Para Gustavo Ayala, CEO da Bolt Energy, há um grande potencial de adesão entre padarias, cerâmicas, empresas de construção civil, condomínios e prédios comerciais. “A tendência é de expansão contínua e amadurecimento”, diz. No médio prazo, o mercado deve consolidar a migração dos consumidores do grupo A (alta tensão), com aumento da competição entre comercializadoras. “Também haverá demanda por serviços mais completos, incluindo análise de perfil, gestão de risco, automação de consumo, ESG, entre outros, e maior exigência por parte dos consumidores”, continua Ayala. Ele explica que os clientes passam a ter liberdade de escolha e não ficam mais restritos às tarifas voláteis das distribuidoras. Para isso, devem compreender os tipos de contrato disponíveis e suas condições.
Clarissa Sadock, CEO da Comerc Energia, vê o mercado com otimismo. “A abertura está alinhada com nossa estratégia de expansão”, diz.
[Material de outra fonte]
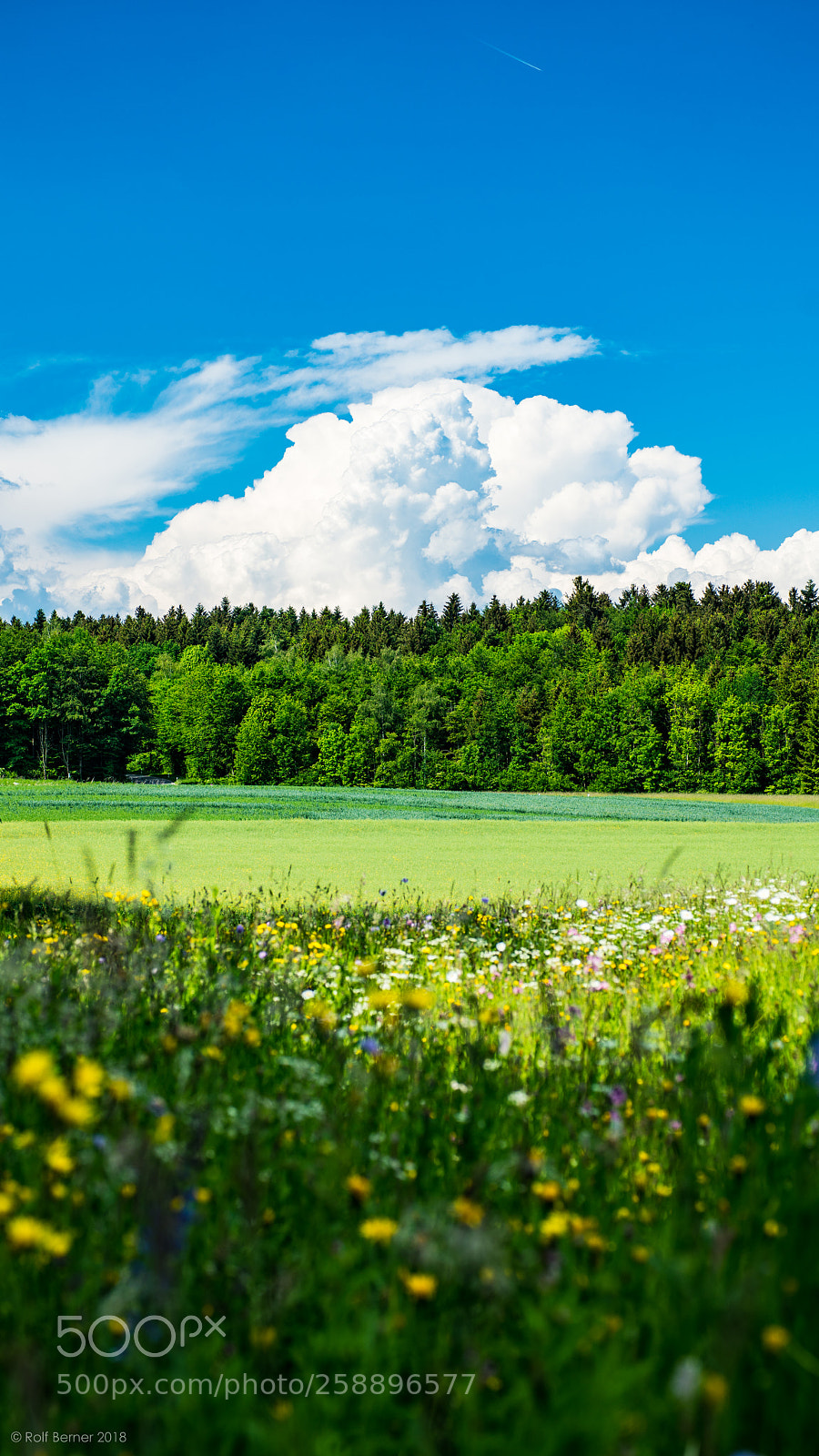 Sony a99 II sample photo. Meadow 1 photography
Ela prevê que o volume de migração em 2025 deve se acelerar ainda mais. “As cerca de 25 mil unidades novas migradas em 2024 correspondem a 25% do potencial total. No médio prazo, com a conclusão da regulamentação necessária, a expectativa é que todos os consumidores possam acessar o mercado livre”, afirma.
Outros players são mais cautelosos em relação à velocidade dessa expansão. Carlos Schoeps, diretor da Replace Consultoria, estima que dos cerca de 200 mil clientes com potencial para entrar no mercado livre de energia, considerando todos os portes, quase a metade já fez a transição.
Schoeps explica que a migração dos pequenos e médios começou por clientes com maior gasto mensal, especialmente redes de lojas, com um alto consumo total na soma das unidades. Isso torna o mercado mais pulverizado e a captação de clientes mais desafiadora para as comercializadoras. “Além disso, o preço da energia subiu, o que reduz o ganho para quem quer migrar neste momento”, avalia.
Já Dario Albagli, diretor da comercializadora e geradora Genco Energia, observa que a conta média dos pequenos clientes que migraram para o mercado livre no ano passado era de 20 centavos por MW médio. “Agora, essa média é de 2 a 3 centavos”, compara.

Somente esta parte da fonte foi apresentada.